The purpose of this exercise is to load information from three different file types: HTML, XML, and JSON, and to see if the results are identical. I picked mythology books for this assignment and handmade the HTML table, XML, and JSON files, which are uploaded to my GitHub.

library(XML)
library(plyr)
library(knitr)
library(jsonlite)

html.url <- "https://raw.githubusercontent.com/EyeDen/data607/master/assignment6/books.html"
xml.url <- "https://raw.githubusercontent.com/EyeDen/data607/master/assignment6/books.xml"
json.url <- "https://raw.githubusercontent.com/EyeDen/data607/master/assignment6/books.json"

download.file(html.url, "books.html")
download.file(xml.url, "books.xml")
download.file(json.url, "books.json")
books.html <- as.data.frame(readHTMLTable("books.html"))
kable(books.html)
NULL.Title NULL.Authors NULL.Publisher NULL.Pages NULL.Date
Norse Mythology Neil Gaiman W.W. Norton and Company 304 2/7/17
The Odyssey Homer, Emily Wilson W.W. Norton and Company 592 11/7/17
Fairy Tales from the Brothers Grimm: A New English Version The Brothers Grimm, Philip Pullman Viking 432 11/8/12

Aside from a minor issue with the column names, this is okay. If we were cleaning this up, we’d have to split apart the authors for The Odyssey and Fairy Tales.

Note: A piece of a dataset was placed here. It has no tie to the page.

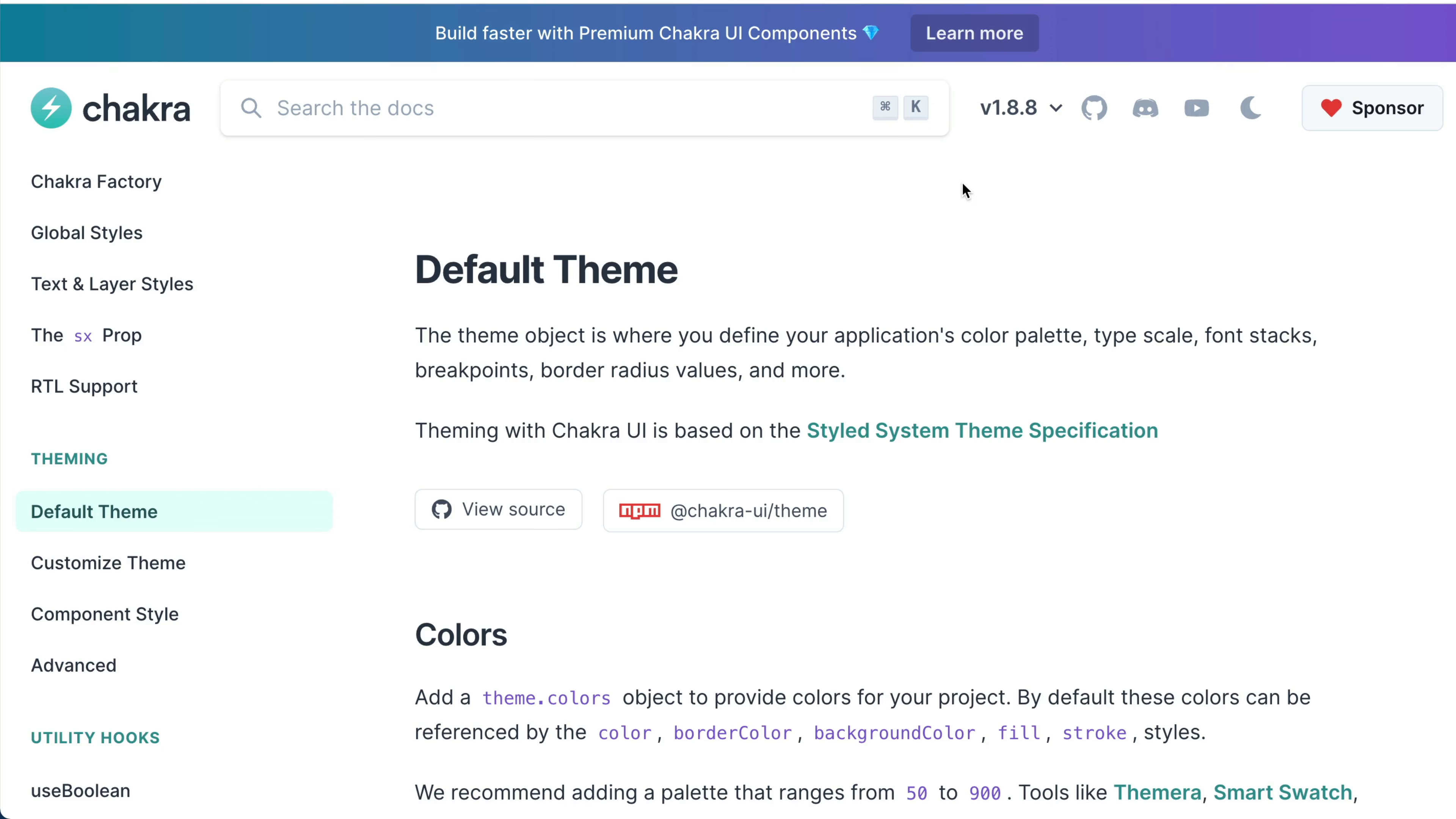Chakra UI provides a default theme object for storing style values, scales, and design tokens.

Though xmlToDataFrame exists as part of the XML library, it is a bit too simplistic as it can’t handle the multiple author tags for two of the books. We’ll have to try something else. A [StackOverflow][“https://stackoverflow.com/questions/2067098/how-to-transform-xml-data-into-a-data-frame”] question gave me a solution, requiring the plyr library.

books.xml <- ldply(xmlToList("books.xml"), data.frame)

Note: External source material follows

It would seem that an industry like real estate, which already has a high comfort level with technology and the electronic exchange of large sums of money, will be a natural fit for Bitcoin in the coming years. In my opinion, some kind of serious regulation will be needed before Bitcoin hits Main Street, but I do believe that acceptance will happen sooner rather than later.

This natively manages to split apart the authors, which readHTMLTable couldn’t manage for HTML. We can clean it up a bit, and remove columns we won’t be needing.

books.xml <- books.xml[, c(2, 3, 8, 4, 5, 6)]
kable(books.xml)
title author author.1 publisher pages date
Norse Mythology Neil Gaiman NA W.W. Norton and Company 304 2/7/17
The Odyssey Homer Emily Wilson W.W. Norton and Company 592 11/7/17
Fairy Tales from the Brothers Grimm: A New English Version The Brothers Grimm Philip Pullman Viking 432 11/8/12
books.json <- as.data.frame(fromJSON("books.json"))
kable(books.json)
books.title books.authors books.publisher books.pages books.date
Norse Mythology Neil Gaiman W.W. Norton and Company 304 2/7/17
The Odyssey Homer, Emily Wilson W.W. Norton and Company 592 11/7/17
Fairy Tales from the Brothers Grimm: A New English Version The Brothers Grimm, Philip Pullman Viking 432 11/8/12

Reading in the JSON file, we get an output exactly like the HTML table, although the column names are a little neater. Rather than separating the authors into new columns automatically, as the XML version had done, this leaves multiple entries in the same column.

So, no, the methods are not identical.